I can get same results as retinaface with 3 scales of FaceBoxes (minus the landmarks). For my usage, I usually know what scale I am looking for so I am interested in the comparison.

from pytorch_retinaface.

lucasjinreal commented on May 23, 2024

I can not reproduce the 4ms speed, instead, I got 400ms:

import os
import sys
import os
import argparse
import torch
import torch.backends.cudnn as cudnn
import numpy as np
from data import cfg
from layers.functions.prior_box import PriorBox
from utils.nms.py_cpu_nms import py_cpu_nms
import cv2
from models.retinaface import RetinaFace
from utils.box_utils import decode
from alfred.utils.log import logger as logging
from alfred.dl.torch.common import device
import glob
import time


force_cpu = False
if force_cpu:
    device = torch.device('cpu')

parser = argparse.ArgumentParser(description='Retinaface')
parser.add_argument('-m', '--trained_model', default='./weights/Final_Retinaface.pth',
                    type=str, help='Trained state_dict file path to open')
parser.add_argument('--origin_size', default=True, type=str,
                    help='Whether use origin image size to evaluate')
parser.add_argument('--img_folder', default='./images/',
                    type=str, help='dataset path')
parser.add_argument('--confidence_threshold', default=0.02,
                    type=float, help='confidence_threshold')
parser.add_argument('--top_k', default=5000, type=int, help='top_k')
parser.add_argument('--nms_threshold', default=0.3,
                    type=float, help='nms_threshold')
parser.add_argument('--keep_top_k', default=750, type=int, help='keep_top_k')
parser.add_argument('-s', '--show_image', action="store_true",
                    default=True, help='show detection results')
parser.add_argument('--vis_thres', default=0.5, type=float,
                    help='visualization_threshold')
args = parser.parse_args()


def check_keys(model, pretrained_state_dict):
    ckpt_keys = set(pretrained_state_dict.keys())
    model_keys = set(model.state_dict().keys())
    used_pretrained_keys = model_keys & ckpt_keys
    unused_pretrained_keys = ckpt_keys - model_keys
    missing_keys = model_keys - ckpt_keys
    print('Missing keys:{}'.format(len(missing_keys)))
    print('Unused checkpoint keys:{}'.format(len(unused_pretrained_keys)))
    print('Used keys:{}'.format(len(used_pretrained_keys)))
    assert len(used_pretrained_keys) > 0, 'load NONE from pretrained checkpoint'
    return True


def remove_prefix(state_dict, prefix):
    ''' Old style model is stored with all names of parameters sharing common prefix 'module.' '''
    print('remove prefix \'{}\''.format(prefix))
    def f(x): return x.split(prefix, 1)[-1] if x.startswith(prefix) else x
    return {f(key): value for key, value in state_dict.items()}


def load_model(model, pretrained_path):
    print('Loading pretrained model from {}'.format(pretrained_path))
    pretrained_dict = torch.load(pretrained_path,
                                 map_location=lambda storage, loc: storage if force_cpu else storage.cuda(device))
    if "state_dict" in pretrained_dict.keys():
        pretrained_dict = remove_prefix(
            pretrained_dict['state_dict'], 'module.')
    else:
        pretrained_dict = remove_prefix(pretrained_dict, 'module.')
    check_keys(model, pretrained_dict)
    model.load_state_dict(pretrained_dict, strict=False)
    return model


if __name__ == '__main__':
    torch.set_grad_enabled(False)
    # net and model
    net = RetinaFace(phase='test')
    net = load_model(net, args.trained_model)
    net.eval()
    print('Finished loading model!')
    cudnn.benchmark = True
    net = net.to(device)
    logging.info('model convert into device: {}'.format(device))
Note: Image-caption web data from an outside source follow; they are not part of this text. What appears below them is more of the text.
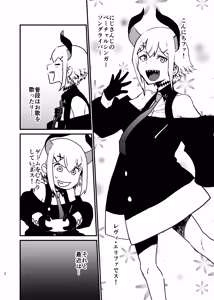 Page 22 of Ajin ga Saimin ni Teikou suru Hon - preview thumbnail
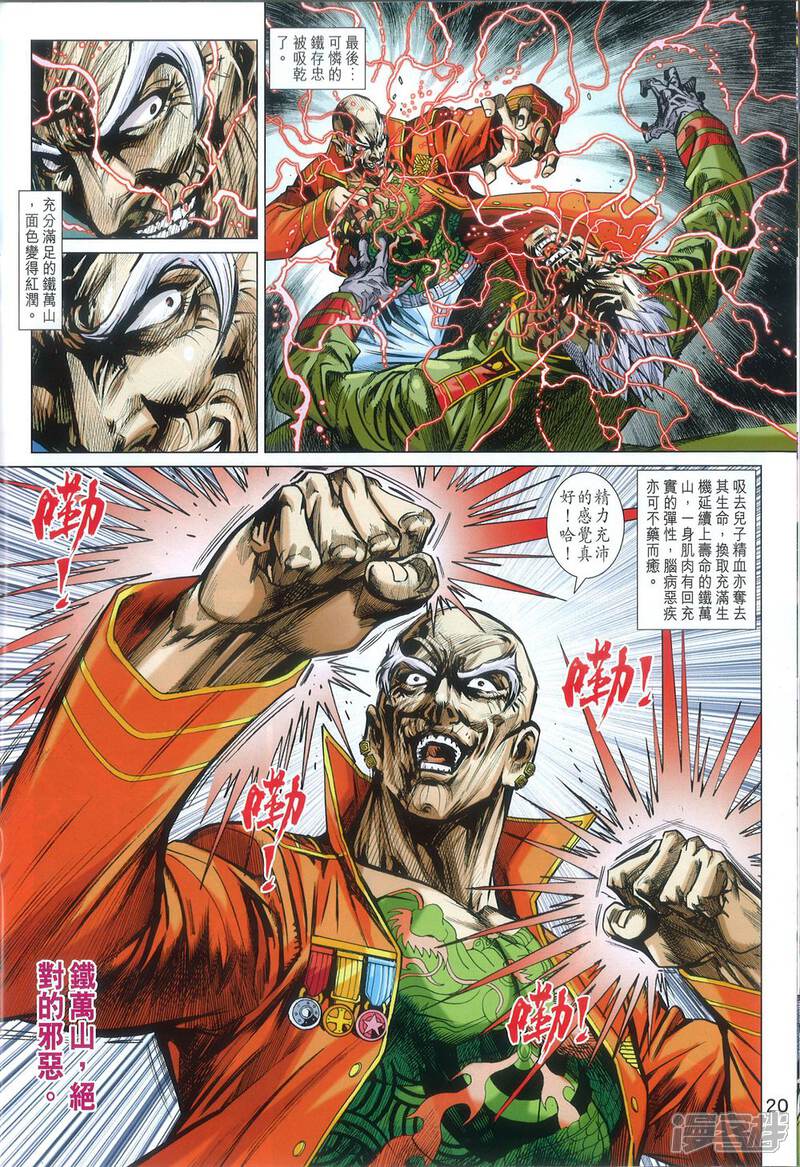 【新著龙虎门】漫画-（第811话）章节漫画下拉式图片-第20张图片
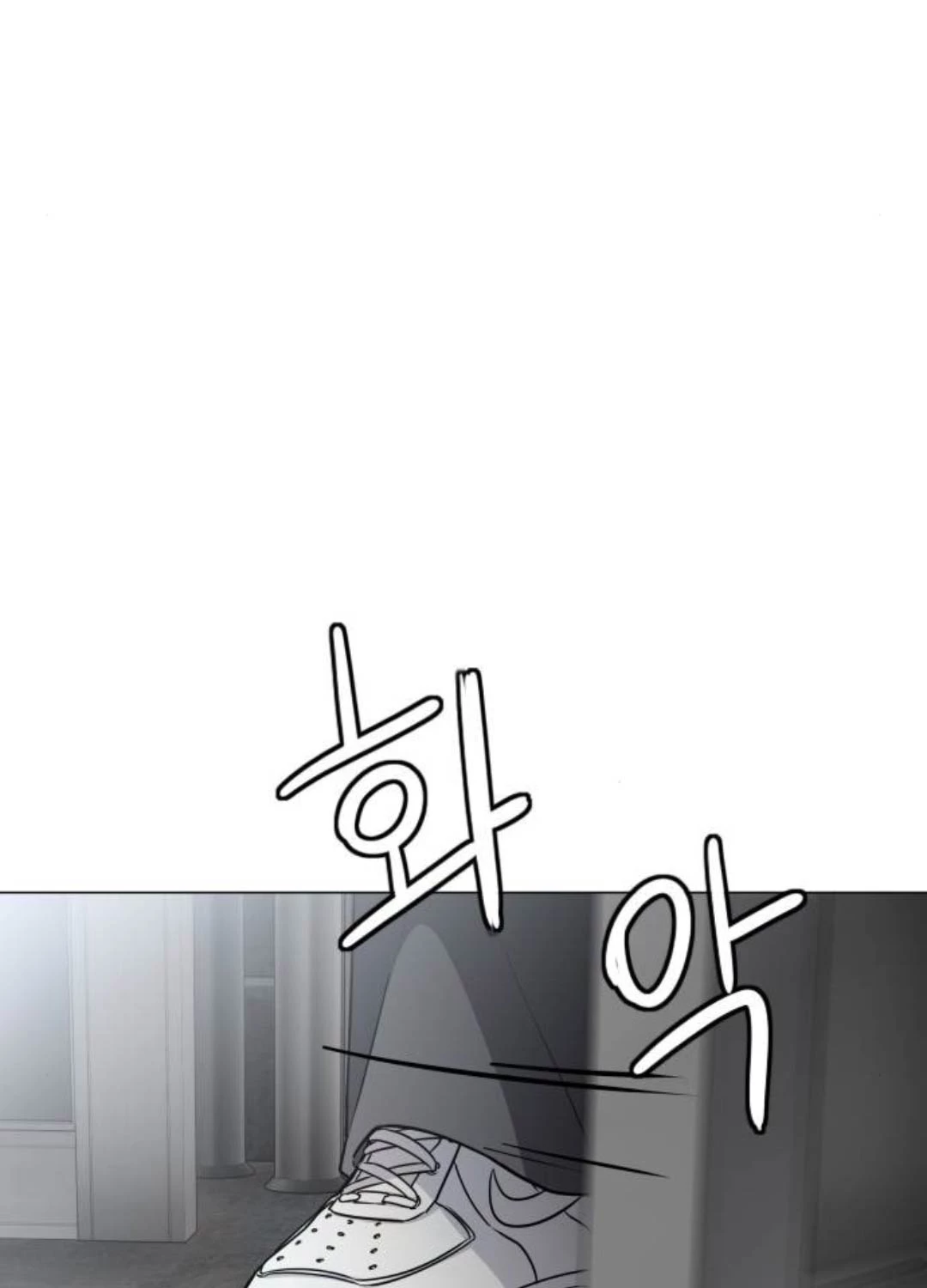 Chương 7 - Trang 138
    img_folder = args.img_folder
    logging.info('loading from images: {}'.format(img_folder))
    all_imgs = glob.glob(os.path.join(img_folder, '*.jpg'))

    # testing begin
    for i, img_f in enumerate(all_imgs):
        img_raw = cv2.imread(img_f, cv2.IMREAD_COLOR)
        img = np.float32(img_raw)

        # testing scale
        target_size = 1600
        max_size = 2150
        im_shape = img.shape
        im_size_min = np.min(im_shape[0:2])
        im_size_max = np.max(im_shape[0:2])
        resize = float(target_size) / float(im_size_min)
        # prevent bigger axis from being more than max_size:
        if np.round(resize * im_size_max) > max_size:
            resize = float(max_size) / float(im_size_max)
        if args.origin_size:
            resize = 1

        if resize != 1:
            img = cv2.resize(img, None, None, fx=resize,
                             fy=resize, interpolation=cv2.INTER_LINEAR)
        im_height, im_width, _ = img.shape
        scale = torch.Tensor(
            [img.shape[1], img.shape[0], img.shape[1], img.shape[0]])
        img -= (104, 117, 123)
        img = img.transpose(2, 0, 1)
        img = torch.from_numpy(img).unsqueeze(0)
        img = img.to(device)
        scale = scale.to(device)

        print('input tensor shape: {}'.format(img.size()))
        tic = time.time()
        loc, conf, landms = net(img)  # forward pass
        print('net forward time: {}'.format(time.time() - tic))
        priorbox = PriorBox(cfg, image_size=(im_height, im_width))
        priors = priorbox.forward()
        priors = priors.to(device)
        prior_data = priors.data
        boxes = decode(loc.data.squeeze(0), prior_data, cfg['variance'])
        boxes = boxes * scale / resize
        boxes = boxes.cpu().numpy()
        scores = conf.squeeze(0).data.cpu().numpy()[:, 1]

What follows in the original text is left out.